Hepner is less than analytic in her account of the U.S. position, which now is (as it was also in 1998) one of full support of Ethiopia. (An Eritrean friend of mine who was attending a press conference in Addis Ababa during the early stages of the war dozed off in the hot room and thought the Ethiopian foreign minister was giving the usual vindication of the Ethiopian action; he opened his eyes to see the U.S. ambassador at the podium.) Hepner's account of the war with Ethiopia from 1998 owes rather too much to accounts by Ethiophiles such as Tekeste Negash amd Kjetil Tronvoll. A counterbalance might be found in the books jointly written by Lyda Favali and myself: Blood, Land and Sex: Legal and Political Pluralism in Eritrea (Indiana University Press, 2004) and Sangue, Terra e Sesso (Giuffrè, 2007).

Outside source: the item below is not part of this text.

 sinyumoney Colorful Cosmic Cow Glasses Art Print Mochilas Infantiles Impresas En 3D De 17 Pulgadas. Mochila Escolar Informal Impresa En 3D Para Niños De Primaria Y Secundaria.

As far as I am aware, Hepner has not been in Eritrea since 2001. From my own visits since then, I am able to support much of her speculation about the way the PDFJ is digging itself into a hole. Indeed, I must admit that many of us veteran camp followers of the EPLF and PFDJ turned a blind eye to questionable practices in the field, using as our justification the truism that liberals do not win guerrilla wars.

I think it was Richard Leonard who, some years before liberation in 1991, expressed his serious misgivings about the creation of a centralized party and government. This followed a day-long meeting we had had with Issayas Afeworki in Afabet shortly after one of the most significant military victories of the struggle. Later, in liberated Asmara in 1991, Issayas told me that Eritreans did not have the necessary background to implement a fully functioning liberal democracy. In 1995, after surviving a couple of challenges to his leadership, he was more forthright, saying: we cannot as Africans afford to be fooled by the "big banner" headlines of multipartyism. [End Page 199]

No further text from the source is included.